* _TASK TO COMPLETE_: Your answer must match the records word for word and contain no pictures.

Items from a dataset
******
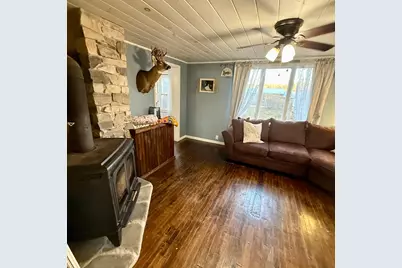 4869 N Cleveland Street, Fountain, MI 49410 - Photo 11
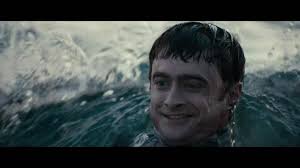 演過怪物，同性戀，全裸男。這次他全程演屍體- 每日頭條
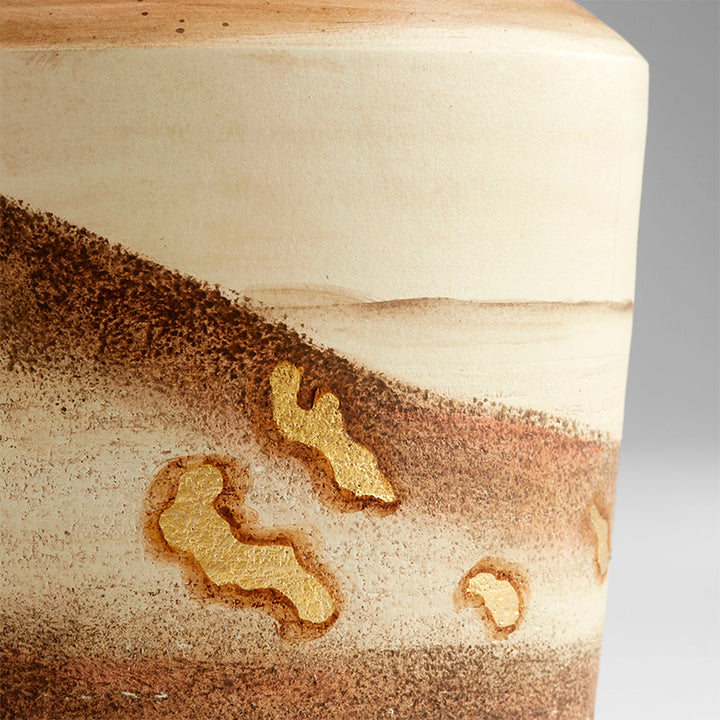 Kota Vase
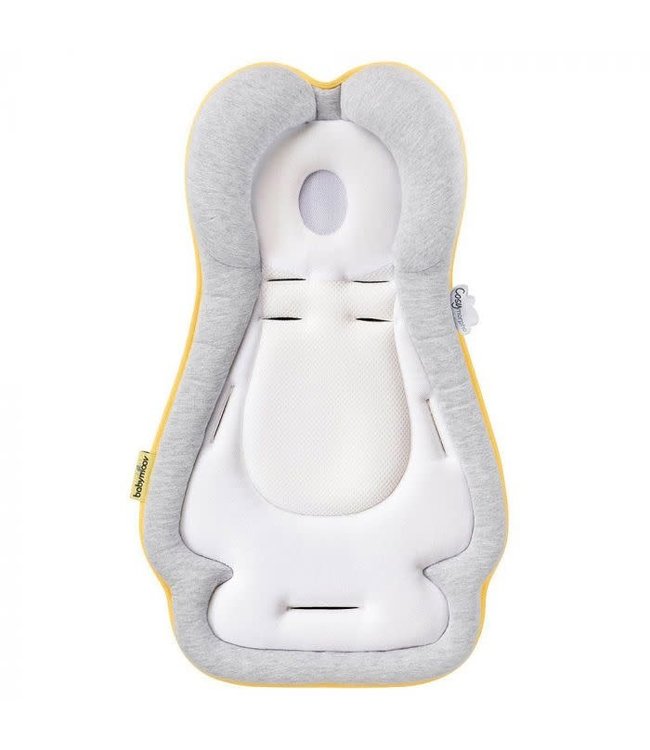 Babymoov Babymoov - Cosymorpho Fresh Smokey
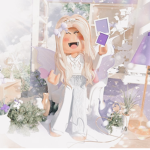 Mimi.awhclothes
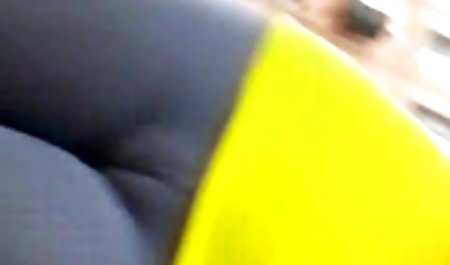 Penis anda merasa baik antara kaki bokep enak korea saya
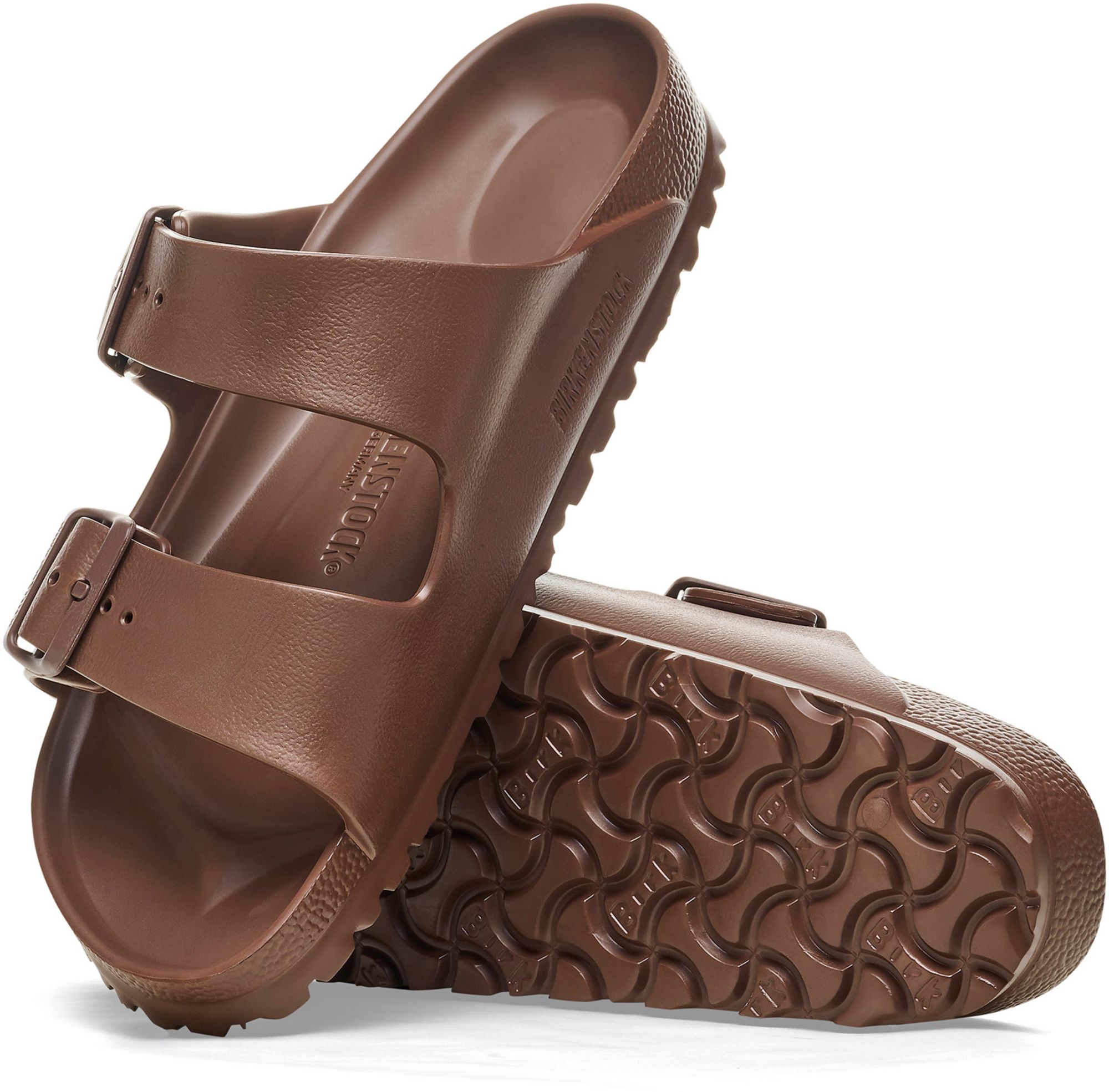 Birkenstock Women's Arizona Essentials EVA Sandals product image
******
* _WRITTEN RESPONSE_:
 4869 N Cleveland Street, Fountain, MI 49410 - Photo 11
 演過怪物，同性戀，全裸男。這次他全程演屍體- 每日頭條
 Kota Vase
 Babymoov Babymoov - Cosymorpho Fresh Smokey
 Mimi.awhclothes
 Penis anda merasa baik antara kaki bokep enak korea saya
 Birkenstock Women's Arizona Essentials EVA Sandals product image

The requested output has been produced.